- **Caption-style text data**
****************************************

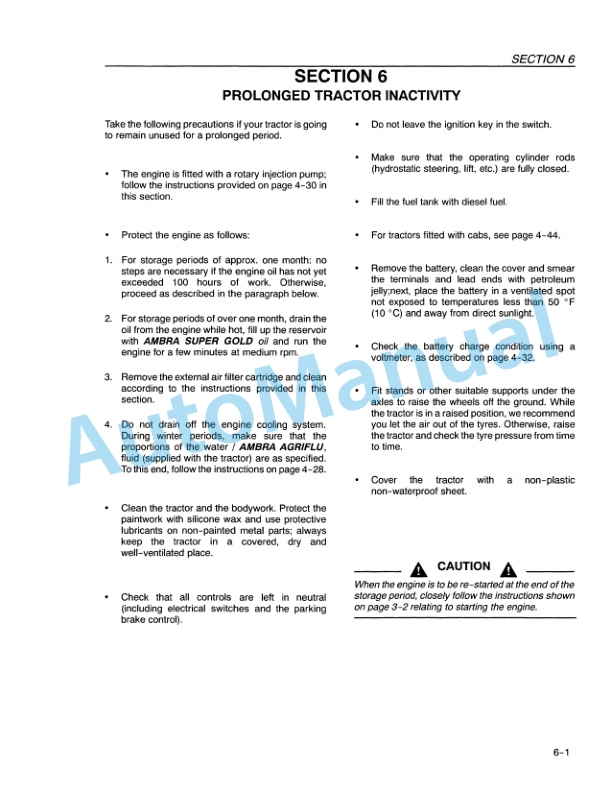 New Holland TN70F, TN80F, TN95F Operation and Maintenance Manual 86729781 5 New Holland TN70F, TN80F, TN95F Operation and Maintenance Manual 86729781 - Image 5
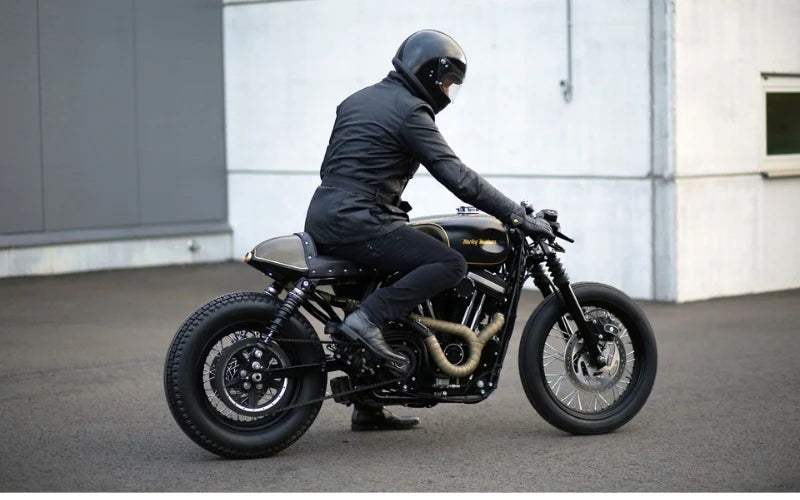 Harley davidson cafe on sale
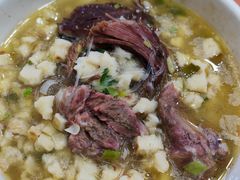 -刘信牛羊肉小炒泡馍(回民街店)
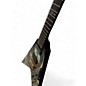 Used Dean KARL SANDERS V-GATES OF SETHU Custom Graphic Solid Body Electric Guitar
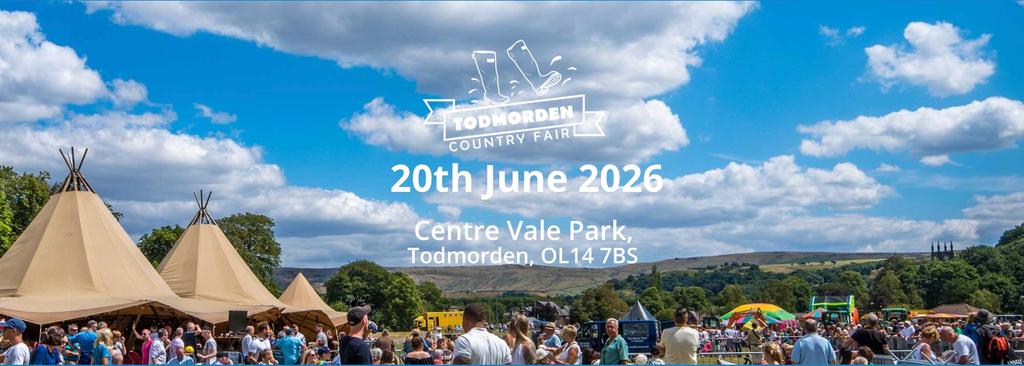 Todmorden Country Fair 2026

****************************************

- **TASK OBJECTIVE**
Copy out the entries exactly. No pictures.

- **RESPONSE BELOW**
 New Holland TN70F, TN80F, TN95F Operation and Maintenance Manual 86729781 5 New Holland TN70F, TN80F, TN95F Operation and Maintenance Manual 86729781 - Image 5
 Harley davidson cafe on sale
 -刘信牛羊肉小炒泡馍(回民街店)
 Used Dean KARL SANDERS V-GATES OF SETHU Custom Graphic Solid Body Electric Guitar
 Todmorden Country Fair 2026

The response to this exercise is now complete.